I can’t tell you how many times, when people have stopped by the convent and we have them make a visit to Jesus in our chapel, they come out and say, “Oh, it’s so peaceful here!” Our convent is beautiful and the chapel is a wonderful haven from the “noise” of the world around us (even when we hear the neighbors mowing their yards). It’s a reminder to me that every human heart seeks peace and it’s important to cultivate such opportunities.
Yesterday, Fr. LaRue offered a Mass for Peace and Justice on the anniversary of 9/11. He reminded the children, and me, that if we desire peace in the world, it starts with my own choices and helping to build peace in my own interactions.
Next Monday, we will begin celebrating PeaceMakers Week in our school. This is our week-long initiative, coupled with ongoing teaching throughout the year, to help the children understand what it means to be a peace-maker and learn concrete ways of going about this. We do so by focusing on and teaching specific social/emotional skills each day of the week:
- M – Kindness/Empathy/Awareness
- Tu – Leadership/Responsibility/Resilience
- W – Friendship
- Th – Conflict Resolution
- F – Teamwork
Research has shown that the greatest factor in preventing aggressive behavior is building a sense of empathy (understanding the pain of others) in individuals (https://mcc.gse.harvard.edu/files/gse-mcc/files/empathy.pdf). By the same token, the most important factor in helping individuals who are targets of aggression is to build resiliency (being able to bounce back and take things in stride) (http://www.virtuebase.org/2016/05/14/why-teaching-resiliency-matters/). If we can empower our children to be empathetic and resilient, we are helping them socially and emotionally to be happier people – and to be peace-makers. Building friendships, navigating conflict resolution and working as a team are also key factors in this endeavor.
Some special events to look forward to include grades PreK-4 attending presentations on Monday from Kids on the Block, sponsored by Nebraska Elks Club (https://nebraskaelkskob.weebly.com/programs.html). This is a troupe of puppets that educate students on a variety of topics, including how to relate to children with autism, Down syndrome and other disabilities. Also on Monday, the 5th and 6th grade students will get to hear from parishioner and former teacher, Bob Deschaine, as he shares about his 20-year friendship with and advocacy for a man with special needs. On Thursday, the Junior High will have an opportunity to participate in a workshop by Mary Beth Rice on social leadership.

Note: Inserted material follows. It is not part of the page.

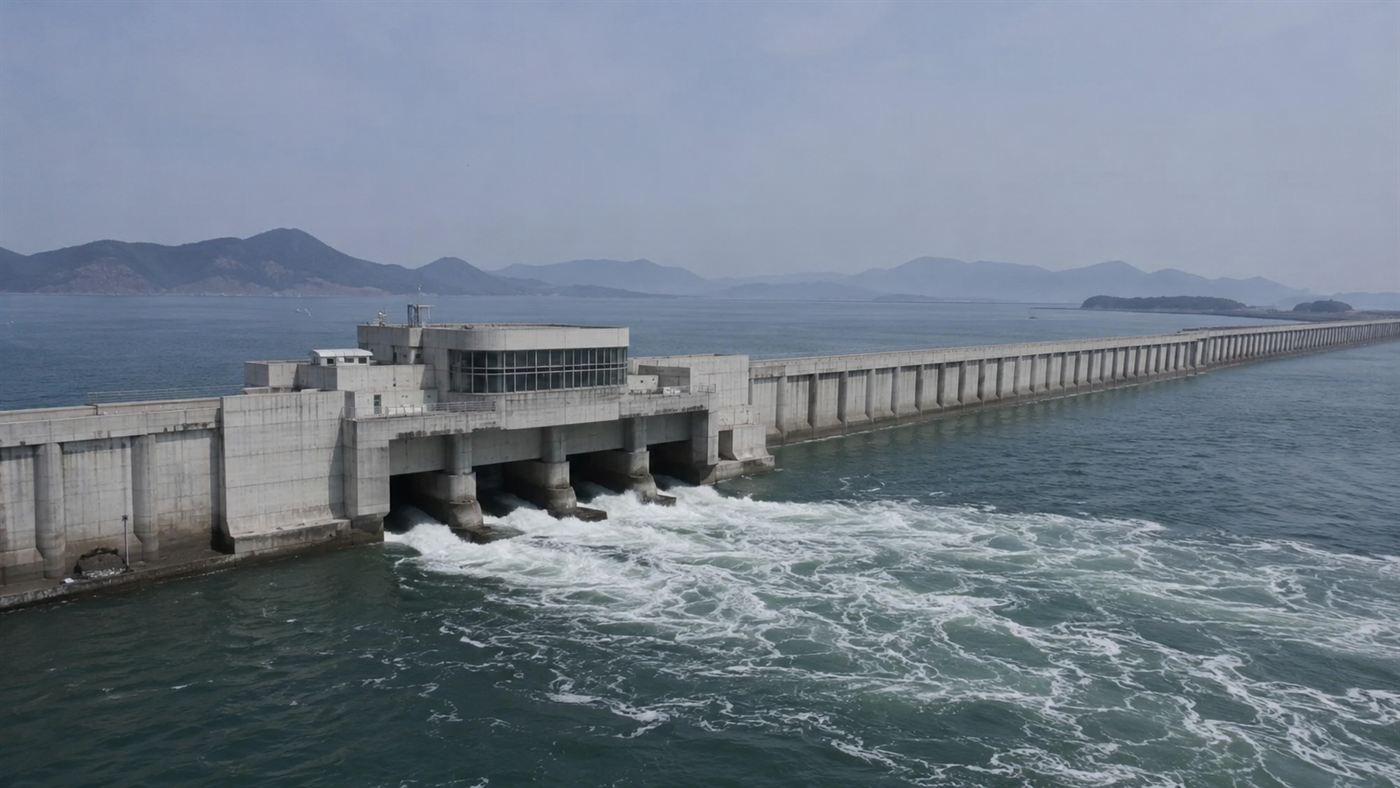 The long concrete seawall and turbine powerhouse of the Sihwa Lake tidal power station with seawater rushing through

I encourage you to have your child(ren) share with you the various lessons and experiences of the week ahead. It promises to be a fun and grace-filled time! But also remember that our greatest peace is found in the quiet of time spent with Jesus in the Eucharist. When Fr. Kelleher recently spoke to our students about Eucharistic adoration, 107 of them committed to making a 10-15 minute visit to Jesus on a weekly basis. I hope that, with your help, they are able to keep that commitment. By doing so, they can experience what Jesus told us at the Last Supper, “Peace I leave with you, My peace I give you. Not as the world gives do I give it to you. Do not let your hearts be troubled or afraid.” Jn.14: 27
God bless you and peace be with you!